With all the benefits and successes of AP, why then are boarding schools ditching the program? The answers are pertinent to your child’s future, whether you are considering boarding school or not.
AP Classes Can Stunt Independent Thinking
How is it that a program that reputedly grants opportunities to high school students across the nation –irrespective of background, income, attendance at inner city public or suburban private schools– actually stunts independent thinking and creativity? As with any other industry, education is prone to advertising and marketing that promise the world but do not always deliver. In the case of Advanced Placement, it’s advertising is embodied within a well-established, prestigious name. Yet the grandiose perception of the program as a leader in innovation in the field of education has realities that are often the opposite.

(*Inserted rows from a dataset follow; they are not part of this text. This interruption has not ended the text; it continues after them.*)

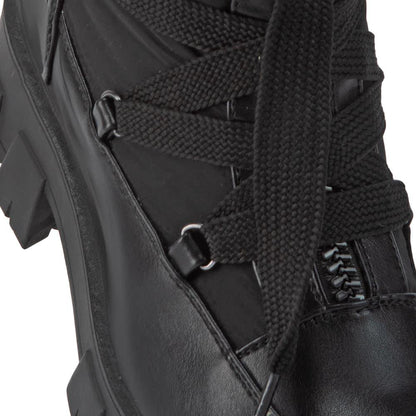 Bota moto dama negro Belinda Peregrin modelo 2860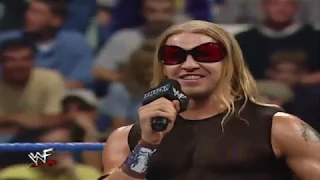 The Hardy Boyz & Chris Jericho vs Edge & Christian & Chris Benoit WWF Smackdown Aug 24 2000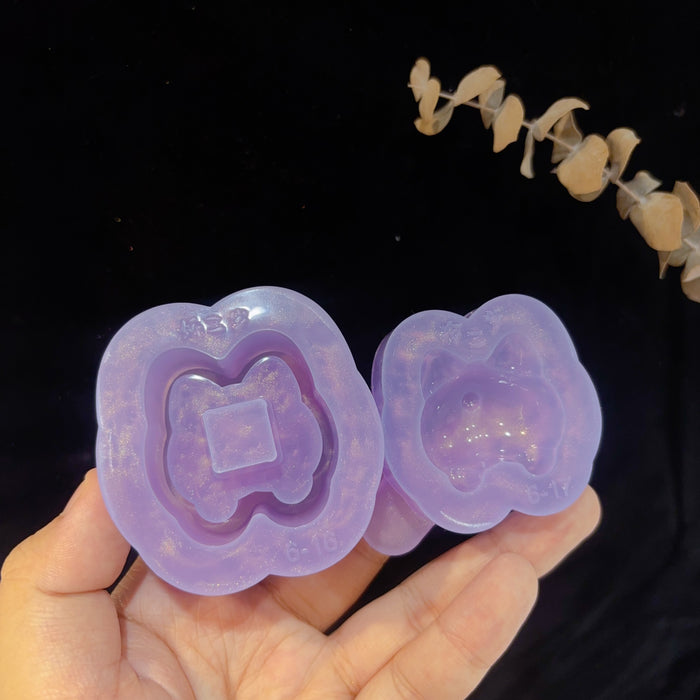 Handmade Cute Dog Butt Fidget Clicker Toy Resin Mold【First-of-Its-Kind & Exclusive】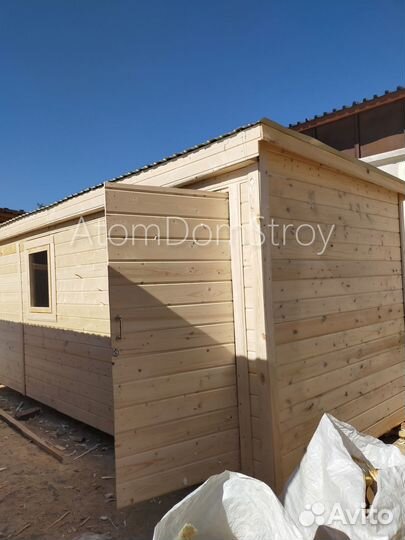 Бытовки блок-контейнеры хозблоки новые с доставкой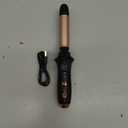 Cordless Curling Iron Travel Mini Curling Iron USB Rechargeable 4000 mAh 3 Temp Setting Ceramic Curling Wand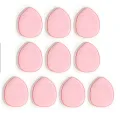 Mini Size Finger Puff Makeup Sponge Set, Face Concealer Foundation, Puff Detail, Professional Cosmetic Pad, Makeup Tool. 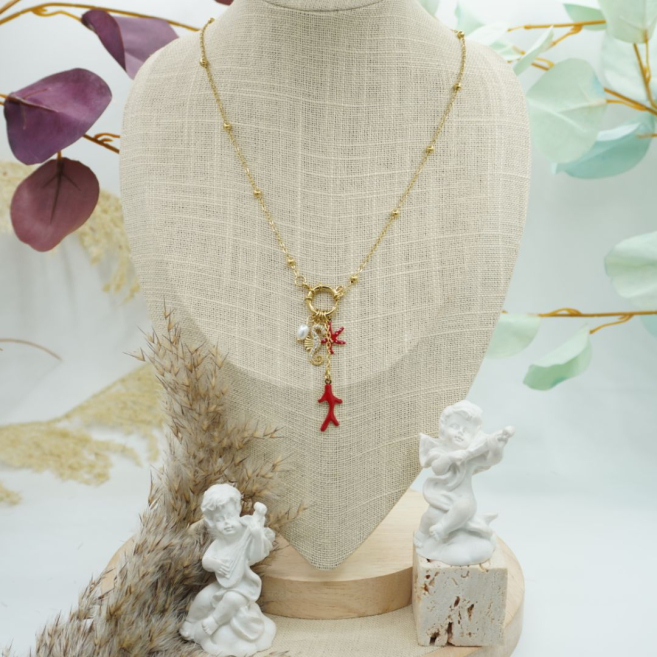 COLLAR ZO12529N390 Acero Inoxidable 2A33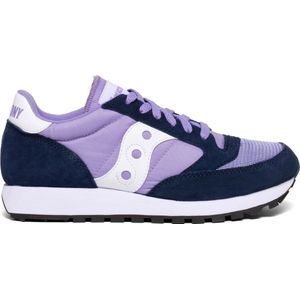 Saucony - Jazz Original Vintage - Paarse Sneakers - 36 - Paars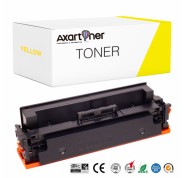 Compatible Canon T09 - SIN CHIP - Amarillo Cartucho de Toner 3017C006 para i-SENSYS X C1127i, X C1127iF, X C1127P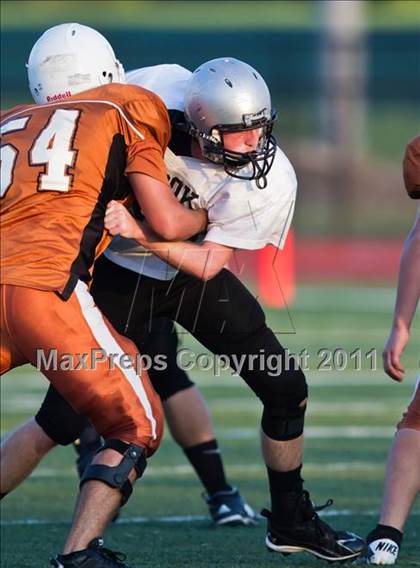 Thumbnail 1 in Alvin (Freshmen White) vs Clear Brook (Freshmen B) photogallery.
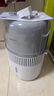 飞利浦（PHILIPS）加湿器家用卧室母婴专用静音除菌无雾空调加湿机鼻炎孕妇婴幼儿小型桌面大容量HU5710/10 实拍图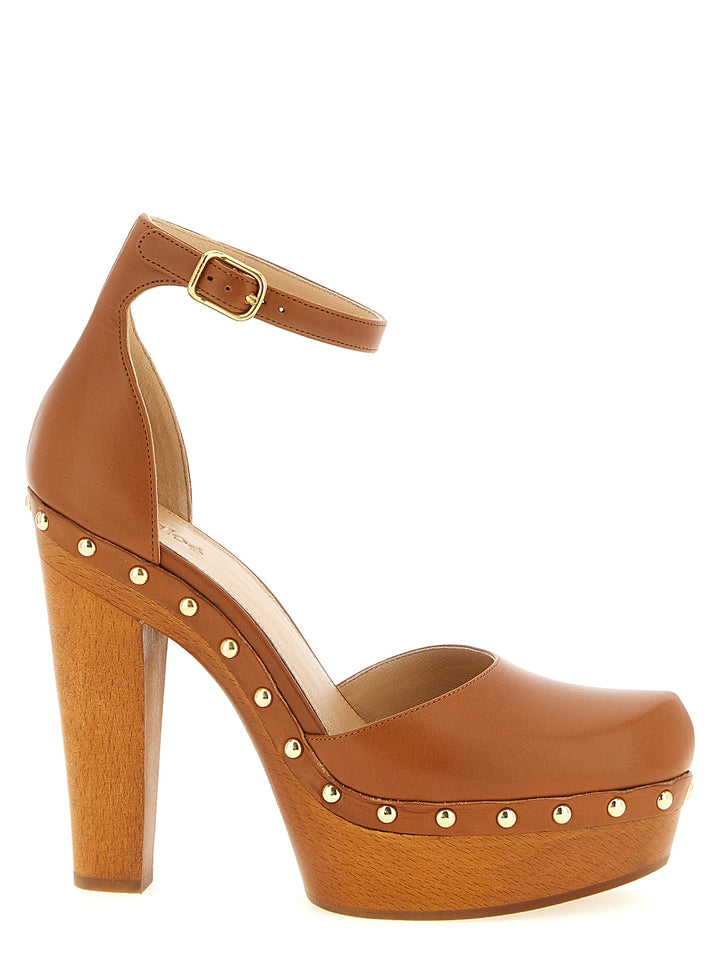 Chloé Lola Decollete - Marrone | 70bb81f90b56bae7e3462622d78ea71b6da2f902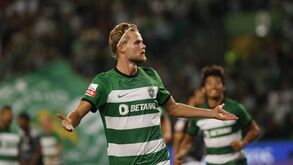 Man. United levou nega por Hjulmand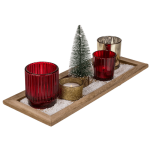 OOTB Kerzenhaltertset Christmas mit 4 Dekogläsern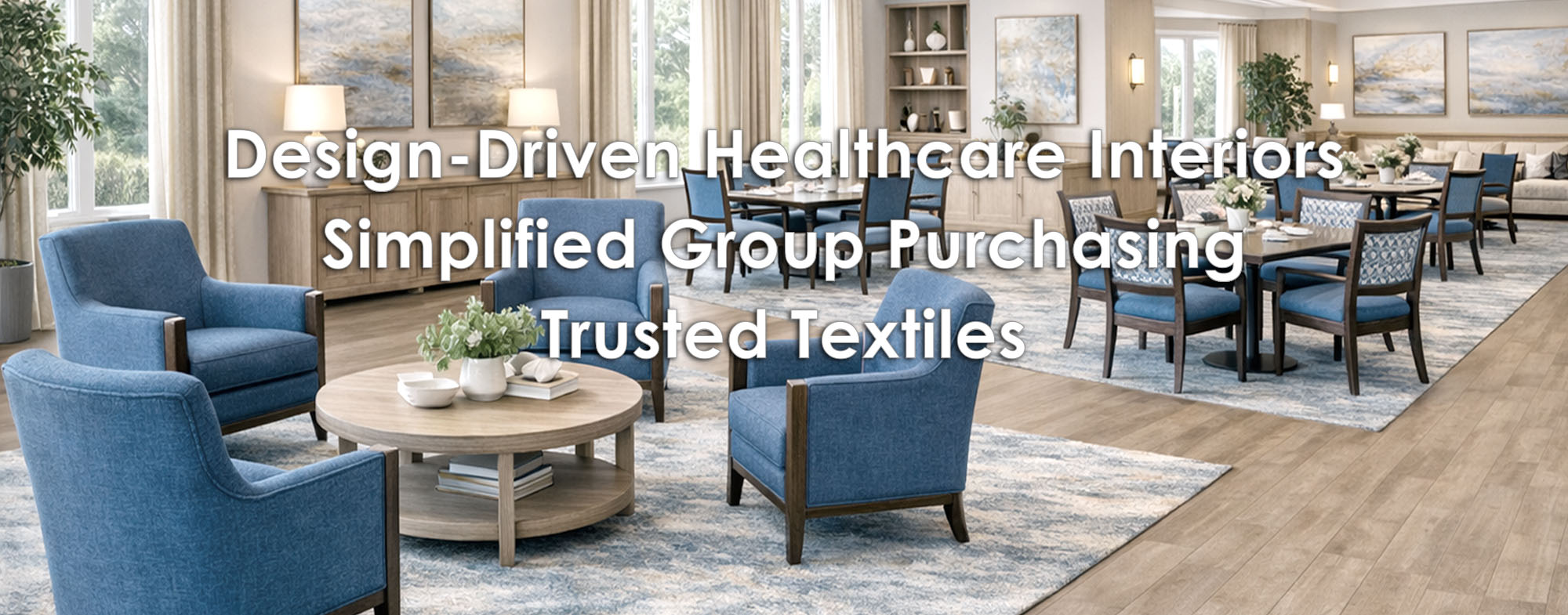 Phoenix Textile Interior Design for Senior Living and Skilled Nursing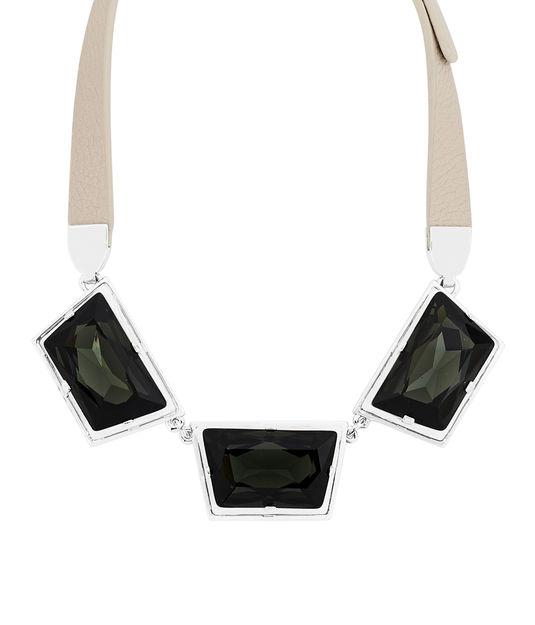Henri Bendel Stone Statement Necklace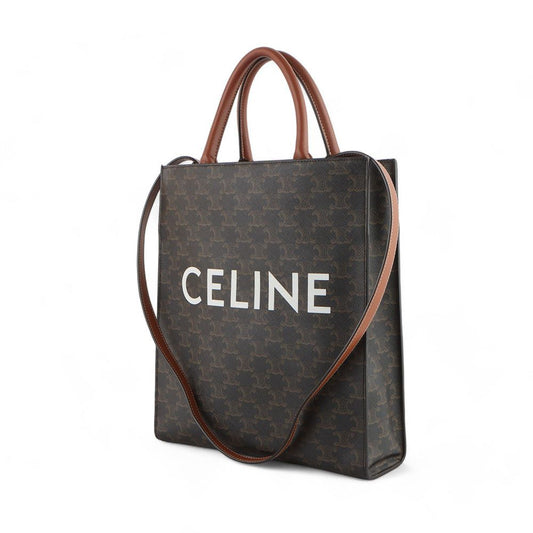 CELINE トリヨンフ バーティカル カバスバッグ スモール 33156 101623525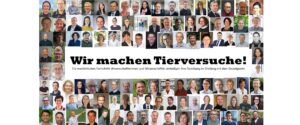 Aktion WirMachenTierversuche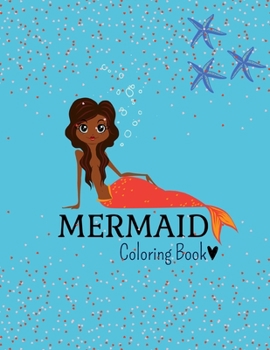 Paperback Mermaid Coloring Book: Creative Haven Mermaids Coloring Book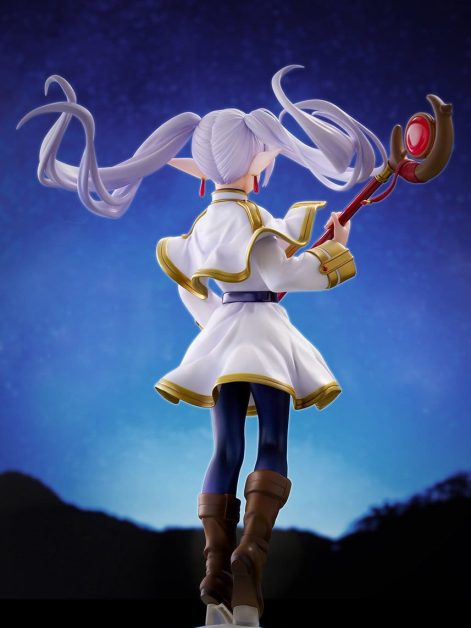 frieren beyond journeys end frieren the fight against aura ver scale figure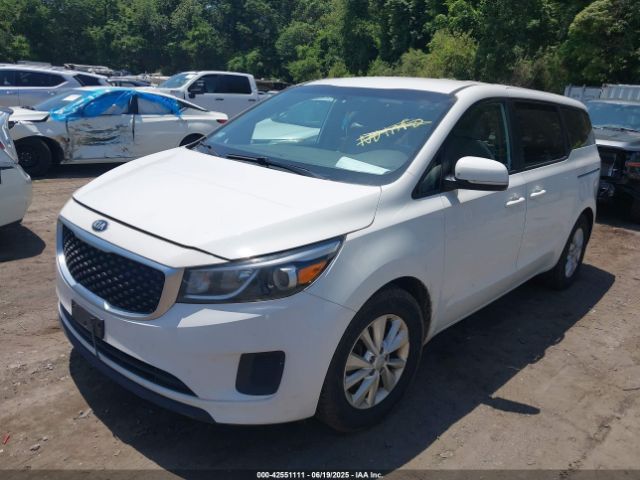 2018 KIA SEDONA KNDMB5C1XJ6383165 Photo 1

In my experience, AP can be the best alternative in most public high schools, but not when compared to some of the creative, rigorous options that independent schools provide. I was working in admissions at Westtown School when Westtown dropped AP’s about a decade ago. Westtown has historical archives on campus, and the U.S. History teacher was able to give students a two-week archive project in which this non-AP class worked with original artifacts –a very similar experience to what you would find in graduate school. This type of creativity and in-depth research is what one expects from the AP legacy, but anything of the sort is virtually impossible, due to the sheer volume of information that has to be covered at a breakneck pace in order to prepare AP students for the amount of information on the AP exam.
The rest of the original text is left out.